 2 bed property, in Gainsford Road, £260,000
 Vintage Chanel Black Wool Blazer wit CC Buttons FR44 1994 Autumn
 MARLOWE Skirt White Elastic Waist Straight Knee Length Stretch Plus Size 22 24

*****

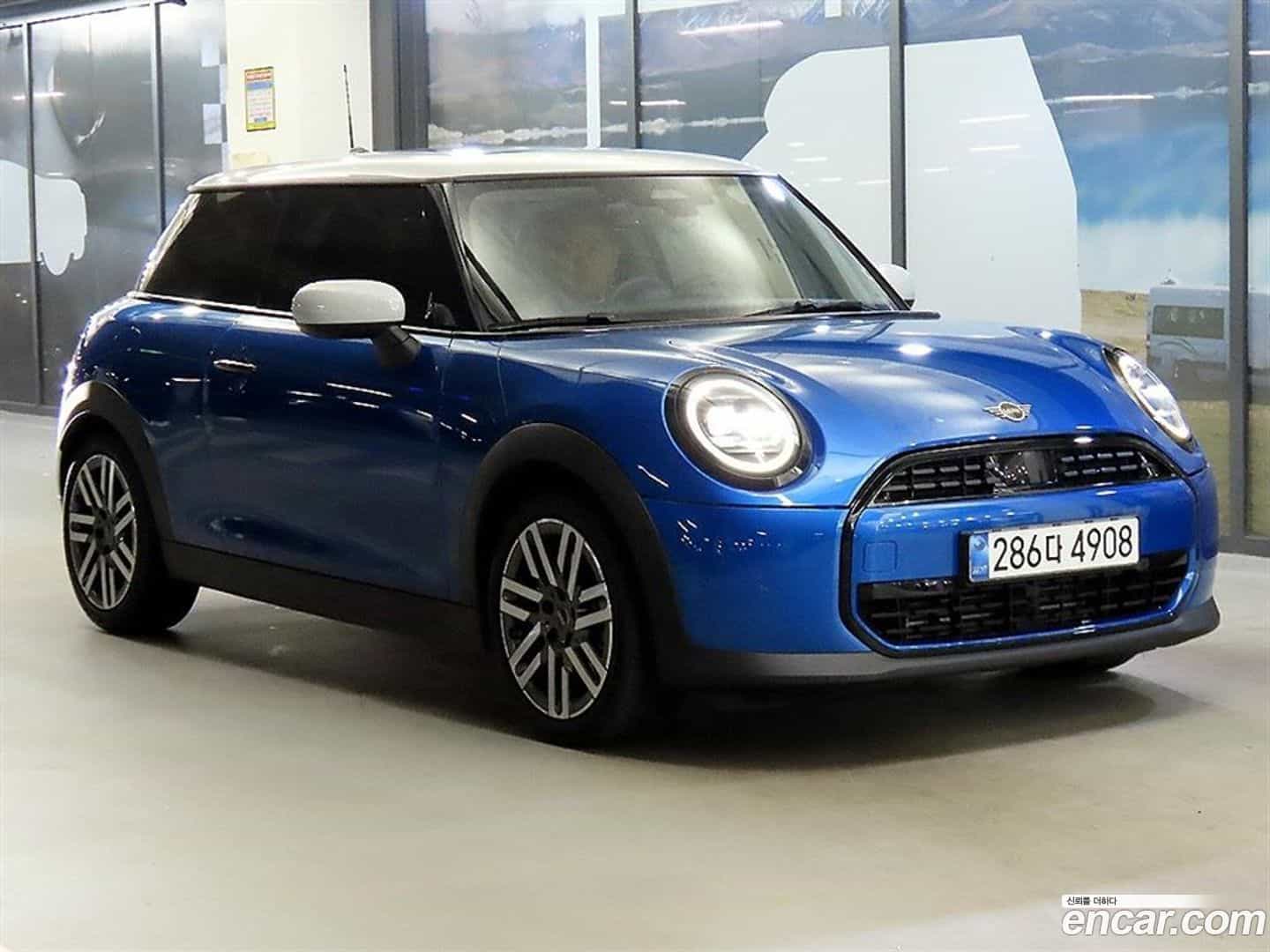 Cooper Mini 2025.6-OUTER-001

*****

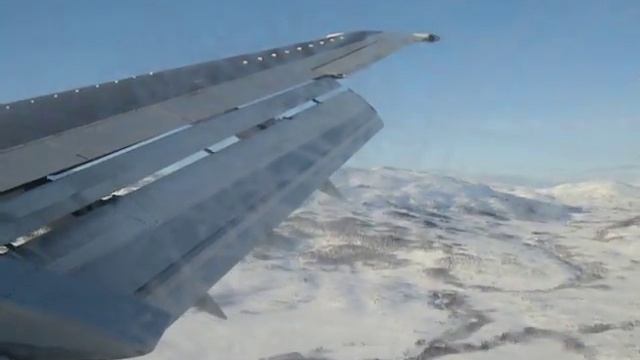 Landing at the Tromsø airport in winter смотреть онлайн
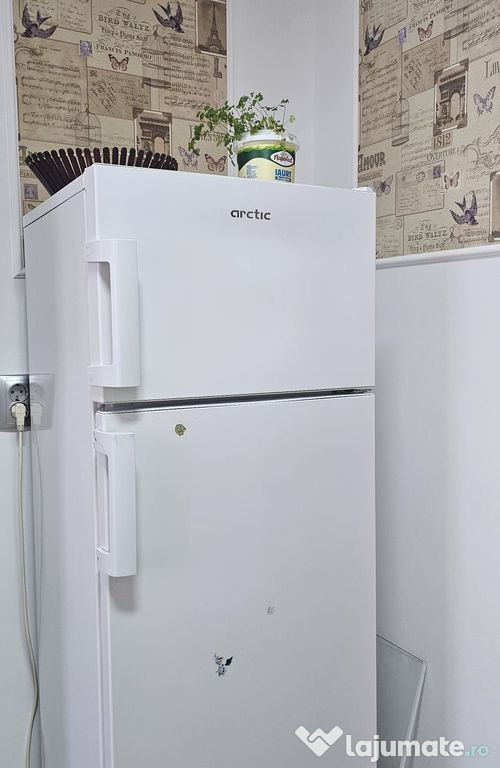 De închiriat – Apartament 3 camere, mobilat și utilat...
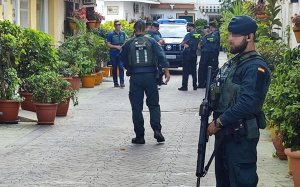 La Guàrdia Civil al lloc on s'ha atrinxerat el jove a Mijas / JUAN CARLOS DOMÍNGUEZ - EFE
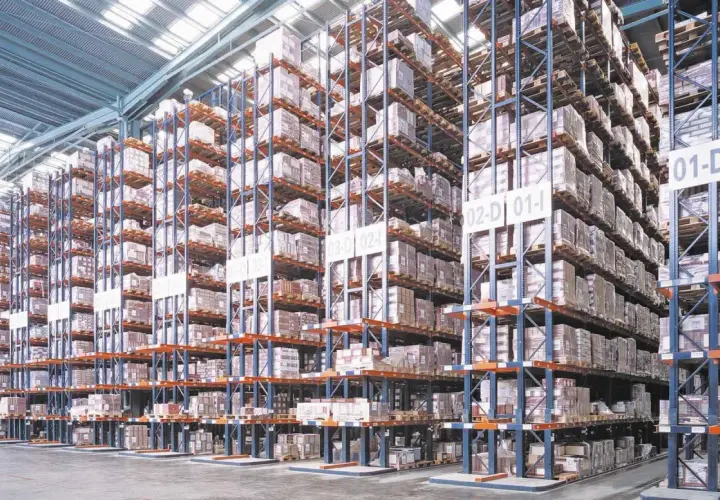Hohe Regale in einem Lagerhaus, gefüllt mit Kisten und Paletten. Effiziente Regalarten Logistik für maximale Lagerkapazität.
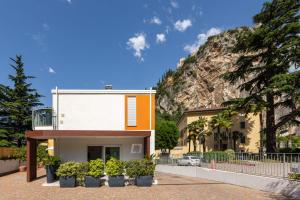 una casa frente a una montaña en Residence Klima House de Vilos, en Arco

*****

Those lines of the records above that run from the one containing "Landing at the" through the one containing "una casa frente" should be returned exactly, with no pictures among them.

 Landing at the Tromsø airport in winter смотреть онлайн
 De închiriat – Apartament 3 camere, mobilat și utilat...
 La Guàrdia Civil al lloc on s'ha atrinxerat el jove a Mijas / JUAN CARLOS DOMÍNGUEZ - EFE
Hohe Regale in einem Lagerhaus, gefüllt mit Kisten und Paletten. Effiziente Regalarten Logistik für maximale Lagerkapazität.
 una casa frente a una montaña en Residence Klima House de Vilos, en Arco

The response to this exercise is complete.